Рука скользит выше, обнимает под грудью, и Маша поднимается, вытягивается, лопатки ложатся в изгиб плеч, она становится вытянутой, высокой, даже неженственной — выдавленной из самой себя. И всё равно просит больше, даже без слов. Сжимает зубы, шумно дышит, впивается пальцами в стену, чтобы не потерять равновесие, потому что каждое движение Таниного бедра — как волна, как воля, как вбивание во что-то живое.
— Сколько вы собираетесь… — выдох, рывок, новый стон, — …держать меня вот так?
— Пока не попросите иначе.
Таня говорит почти нежно, почти в шутку, но Маша знает — это не игра, не показ, не фантазия.

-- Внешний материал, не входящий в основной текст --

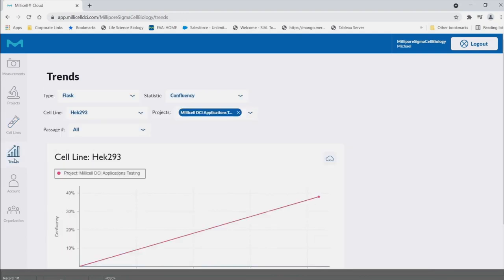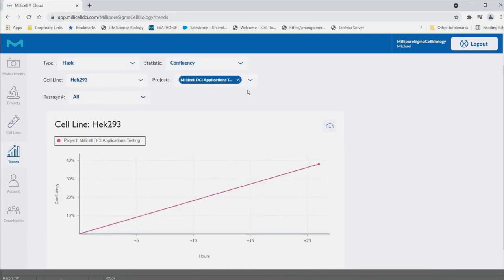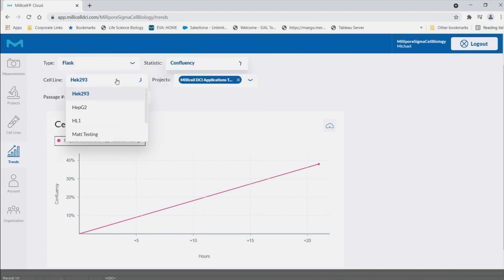Trends. Within the trends tab, data can be plotted according to different parameters. For example, cell line, statistic, etc.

Это её руки, это её тело, это она стоит сзади, входит, направляет, и держит, и дышит, и всё делает так, будто знает Машу лучше, чем та себя. И всё, что происходит, происходит потому, что им это нужно — обеим: до дрожи, до пульса в пальцах ног, до крика, который пока сдерживается.

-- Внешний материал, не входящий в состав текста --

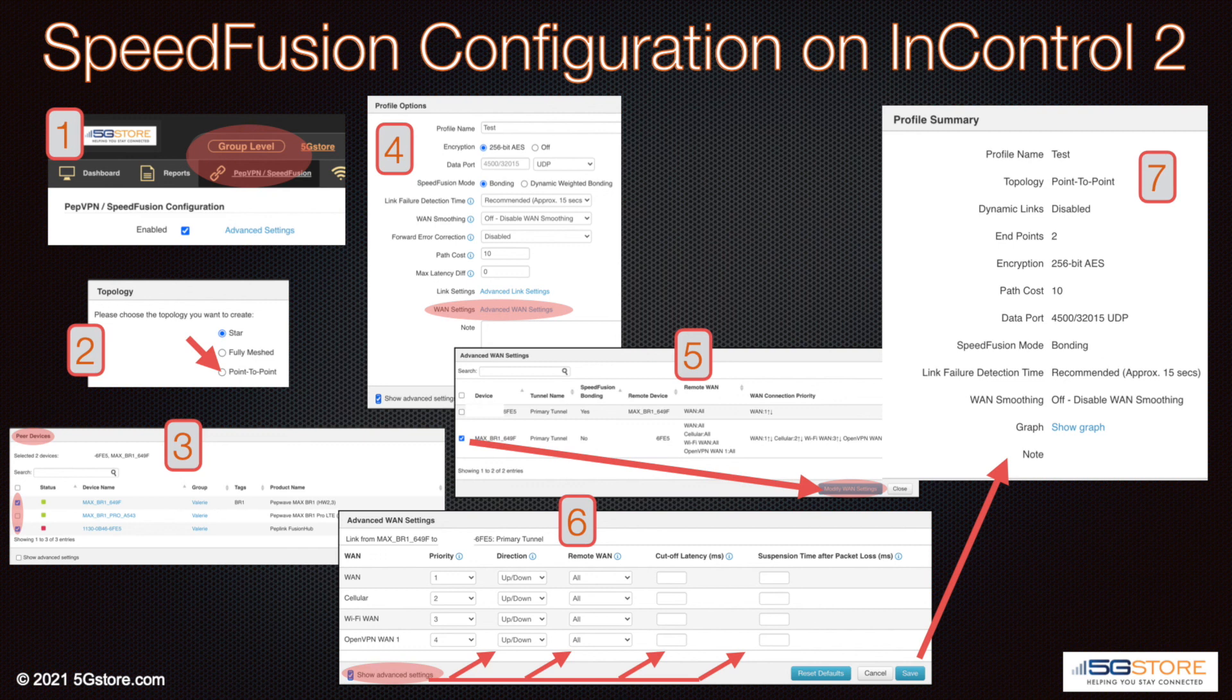Next enable the SpeedFusion configuration. Select the topology of your VPN, then the peer devices you want to connect. Set any features you may need. Review the configuration. Save and apply.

Маша перестаёт пытаться дышать правильно, потому что никакой правильности в этих вдохах быть уже не может — только тяжёлое, влажное срывание воздуха с губ, словно каждый новый толчок отнимает по миллиметру лёгкого, по звуку, по слову, по способности что-либо сказать, кроме этих глухих стонов, в которых больше страха отпустить, чем боли. И всё равно тело само подаётся навстречу, приподнимается, стоит на цыпочках, потому что Таня не позволяет осесть, не отпускает, не даёт опоры, и от этого внутри всё становится туже, теплее, почти горит.

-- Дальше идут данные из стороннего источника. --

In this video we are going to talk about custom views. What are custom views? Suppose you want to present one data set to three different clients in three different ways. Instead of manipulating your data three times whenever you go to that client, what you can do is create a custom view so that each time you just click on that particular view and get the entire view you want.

Рука, до этого державшая живот, теперь медленно скользит вверх, вдоль напряжённой кожи, плотно прижатой к спине, проходит по рёбрам, задерживается под грудью — не сразу, не грубо, а проверяя, готово ли тело, дрожит ли оно так, как должно. И только потом, когда уже становится понятно, что Маша не выносит — да, именно не выносит — чтобы её просто держали, просто присваивали, просто молчали, — Таня берёт грудь в ладонь, обхватывает её снизу, весомо, основательно, будто это не часть игры, а часть самой Маши, которой давно нужно было, чтобы её трогали вот так, плотно, всей рукой, со знанием веса, с тем прикосновением, от которого начинается жар между лопатками.
Она не мнёт, не щиплет, не дразнит — сначала просто гладит, спокойно, как если бы ей нужно было изучить форму, тепло, отклик, и только потом, с едва заметным усилением давления, начинает двигаться — не по кругу, не по диагонали, а так, как можно двигаться только тогда, когда ты уже внутри, когда каждое внешнее касание влияет на внутреннее ощущение, когда ты слышишь, как у того, кого ты держишь, дыхание становится рваным не потому, что больно, а потому что слишком.
Пальцы аккуратно смещаются вверх, подбираются к соску, проходят по коже, по этому едва заметному пути напряжения, пока большой палец не ложится на кончик, и тогда всё меняется — у Маши резко дрожит бедро, мышцы напрягаются, и она вдруг сильнее утыкается в стену, словно только это может остановить от звука, который почти сорвался, но был подавлен. И Таня это чувствует — продолжает, усиливает, чуть подкручивает пальцы, не резко, не дёргано, а с тем ритмом, который совпадает с движениями внутри, потому что она всё ещё в ней, и это не прекращается, не отходит на второй план, наоборот — теперь оба слоя работают одновременно: внутренний толчок и внешняя игра, две волны, один темп, и всё вместе начинает набирать силу.
— У вас очень чувствительные соски, — говорит спокойно, словно это не интимность, а просто наблюдение, почти медицинское, — я не ожидала, что вы так сразу…
Маша стонет, не от удовольствия, а от того, что ей становится невыносимо терпеть это спокойствие в голосе, эту вежливость, эту сдержанность, которая звучит на фоне того, как её держат изнутри, как её крутят пальцами, как её доводят, как будто знали давно, что именно это, именно так, именно с такой силой.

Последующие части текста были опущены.